> TASK OBJECTIVE: All records, exactly as written, minus the pictures: copy them out.

Dataset items:
· · · ·

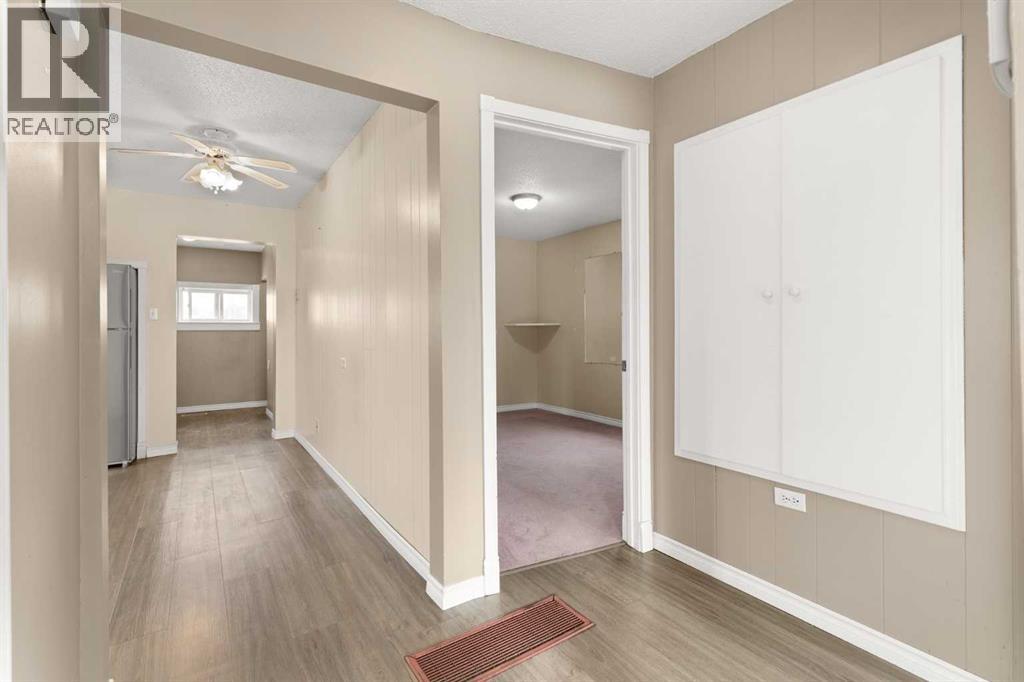 118 2 Street SE, Redcliff, Alberta  T0J 2P0 - Photo 6 - A2290441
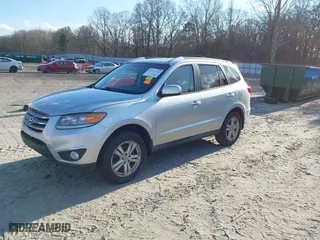 2012 Hyundai Santa Fe Limited with VIN 5XYZK3AB2CG104071, listed as a IAAI auction lot 41237756 with 223,076 mi miles. Bid and sale history available at carsss.com. Image 2.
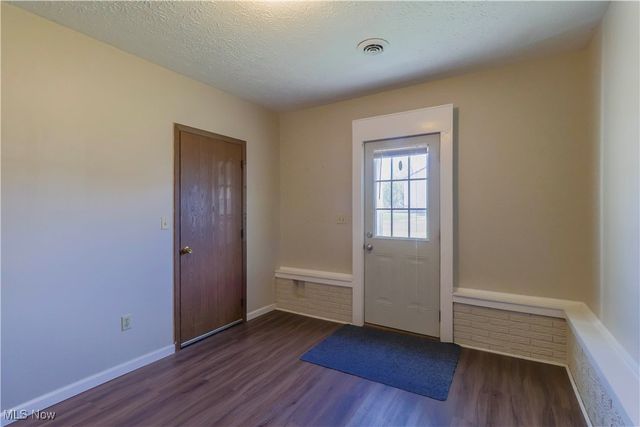 128 Orchard Drive A & B, St Clairsville, OH 43950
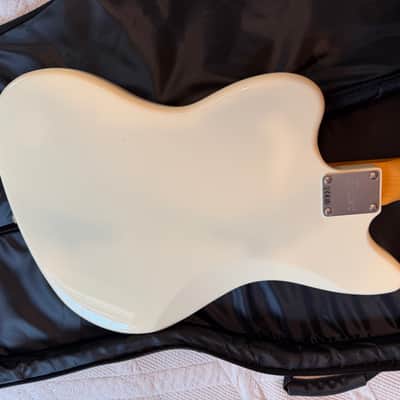 Squier J Mascis Jazzmaster with Laurel Fretboard 2018 - Present - Vintage White image 9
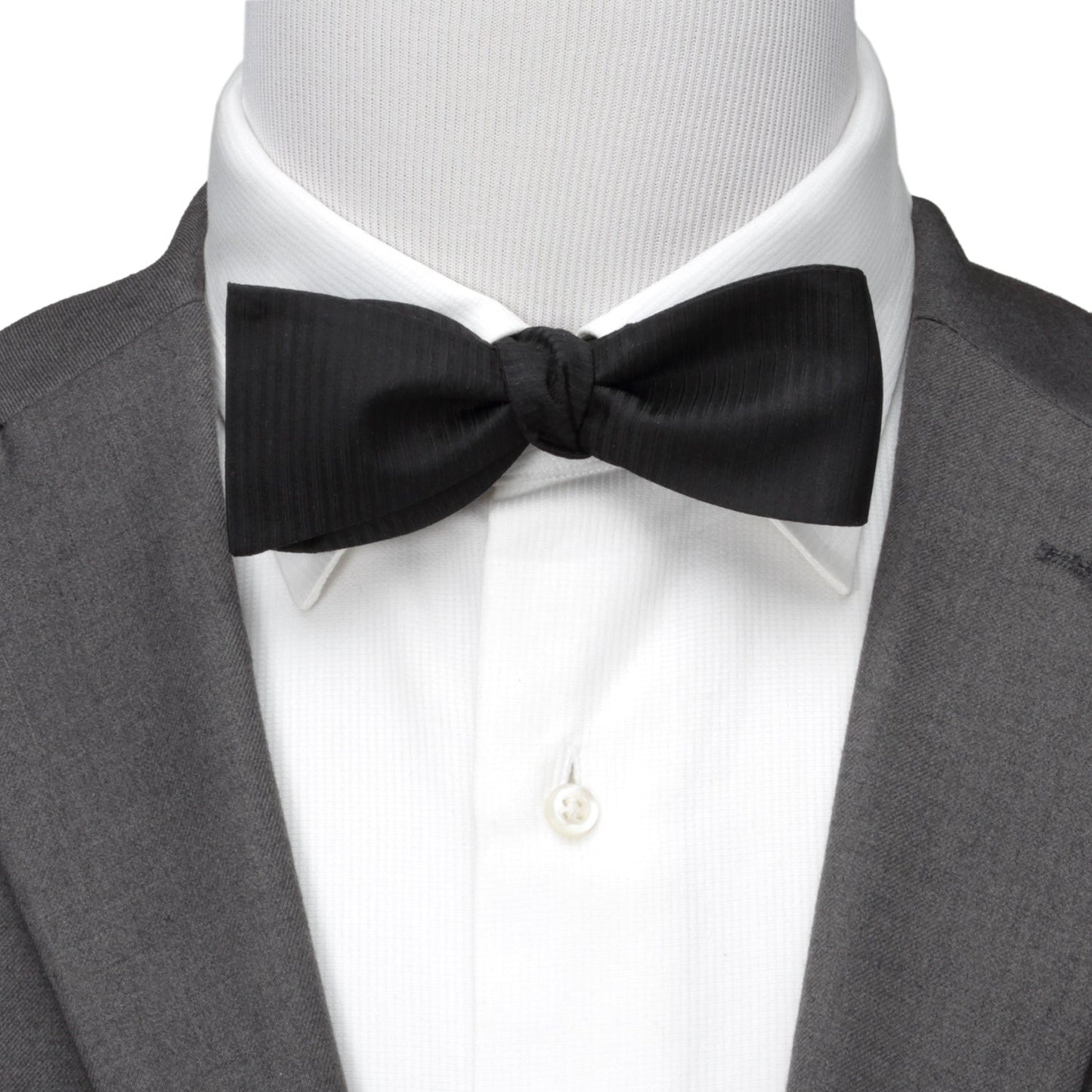 Corbata de moño de seda formal negra a rayas diplomáticas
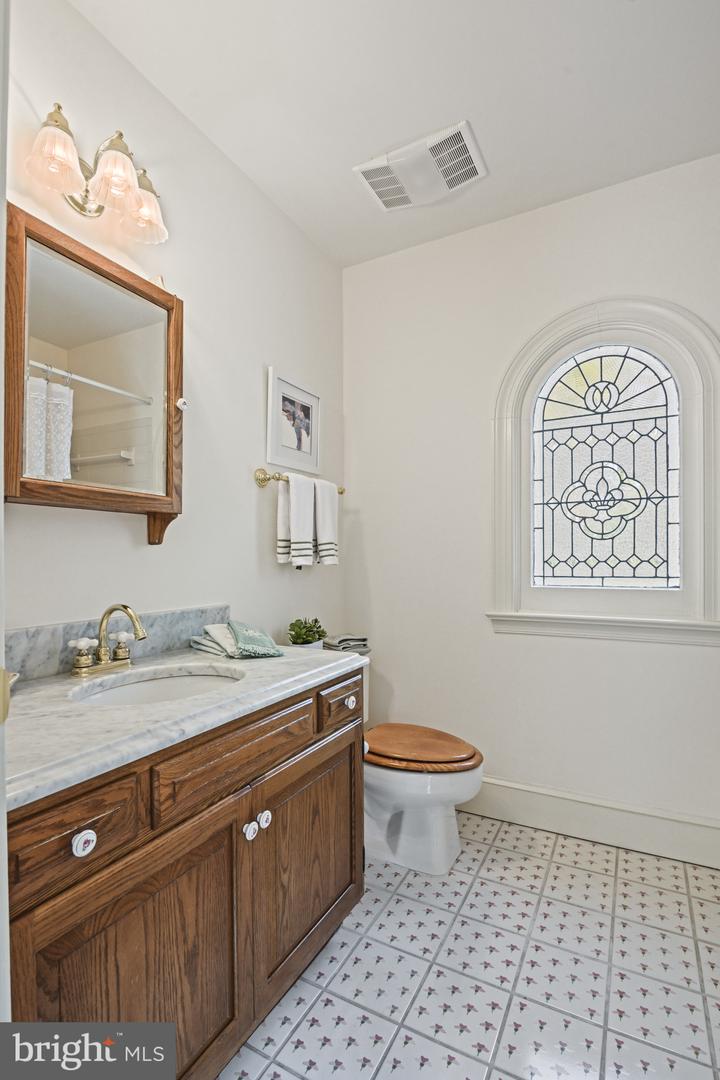 204 RIVER PARK DR, GREAT FALLS, Virginia 22066, 5 Bedrooms Bedrooms, ,4 BathroomsBathrooms,Residential,For sale,204 RIVER PARK DR,VAFX2242324 MLS # VAFX2242324
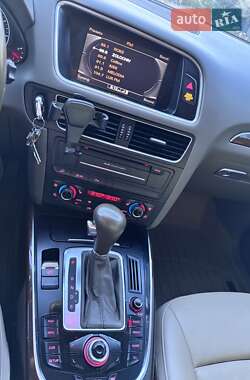Внедорожник / Кроссовер Audi Q5 2011 в 
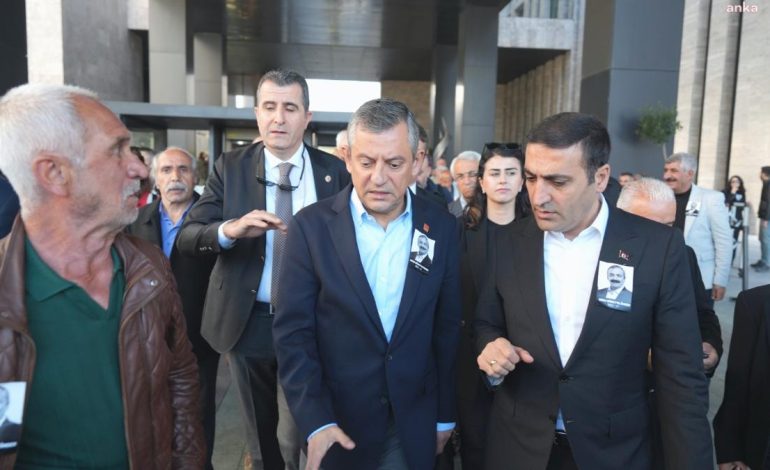 Özgür Özel’e saldırı anı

· · · ·

> OUTPUT OF THE EXERCISE:
 118 2 Street SE, Redcliff, Alberta  T0J 2P0 - Photo 6 - A2290441
 2012 Hyundai Santa Fe Limited with VIN 5XYZK3AB2CG104071, listed as a IAAI auction lot 41237756 with 223,076 mi miles. Bid and sale history available at carsss.com. Image 2.
 128 Orchard Drive A & B, St Clairsville, OH 43950
 Squier J Mascis Jazzmaster with Laurel Fretboard 2018 - Present - Vintage White image 9
 Corbata de moño de seda formal negra a rayas diplomáticas
 204 RIVER PARK DR, GREAT FALLS, Virginia 22066, 5 Bedrooms Bedrooms, ,4 BathroomsBathrooms,Residential,For sale,204 RIVER PARK DR,VAFX2242324 MLS # VAFX2242324
Внедорожник / Кроссовер Audi Q5 2011 в 
 Özgür Özel’e saldırı anı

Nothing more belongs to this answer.